Nigeria’s central bank has prohibited commercial banks from providing account services to crypto exchanges.
The Central Bank of Nigeria has placed a ban on all regulated financial institutions from providing services to crypto exchanges in the country.
The prohibition was found in a round issued by the CBN on Friday. Based on the central bank’s notice, the ruling is an expansion of earlier warnings from the lender in regards to the risks connected with virtual currencies.
Included in the ban, the CBN has directed all commercial banks to close accounts owned by crypto exchanges in addition to other businesses transacting in cryptocurrencies in the country.
The CBN also warned of stiff penalties to any bank or financial institution that doesn’t adhere to the directive.
Nigeria’s central bank didn’t respond immediately to Cointelegraph’s request for comments on the issue. However, in a prior bit of correspondence, Osita Nwanisobi, acting director of the CBN’s communications department told Cointelegraph that commercial banks had previously been warned to not be involved in the crypto market.
While cryptos have already been popular in Nigeria, virtual currencies arrived to national consciousness amid the protests against police brutality in October 2020.
During the time, the central bank ordered the suspension of bank accounts owned by supporters of the ENDSARS movement prompting a move to Bitcoin (BTC) and crypto donations.
As previously reported by ooduarere, Bitcoin adoption in Nigeria continues to increase. By data from Google Trends, Nigeria is still number 1 on the planet with regards to search interest for Bitcoin.

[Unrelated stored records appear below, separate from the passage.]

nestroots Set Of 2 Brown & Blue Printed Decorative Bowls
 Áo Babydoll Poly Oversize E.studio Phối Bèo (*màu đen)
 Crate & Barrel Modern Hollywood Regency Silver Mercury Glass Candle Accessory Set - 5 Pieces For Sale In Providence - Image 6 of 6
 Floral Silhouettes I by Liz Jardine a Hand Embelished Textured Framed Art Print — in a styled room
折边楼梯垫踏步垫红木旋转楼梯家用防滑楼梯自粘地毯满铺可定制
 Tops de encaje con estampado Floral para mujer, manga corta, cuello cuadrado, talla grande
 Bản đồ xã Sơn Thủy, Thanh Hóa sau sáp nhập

The CBN’s ban can also be similar to those things taken by its Indian counterpart, the Reserve Bank of India, back 2018. 2 yrs later, India’s Supreme Court reversed the order.
In addition to the CBN ban, the only real other crypto-related regulatory news ahead out of Nigeria was back September 2020. During the time, the Nigerian Securities and Exchange Commission recognized crypto as securities with plans to formulate a concrete legal framework for digital assets.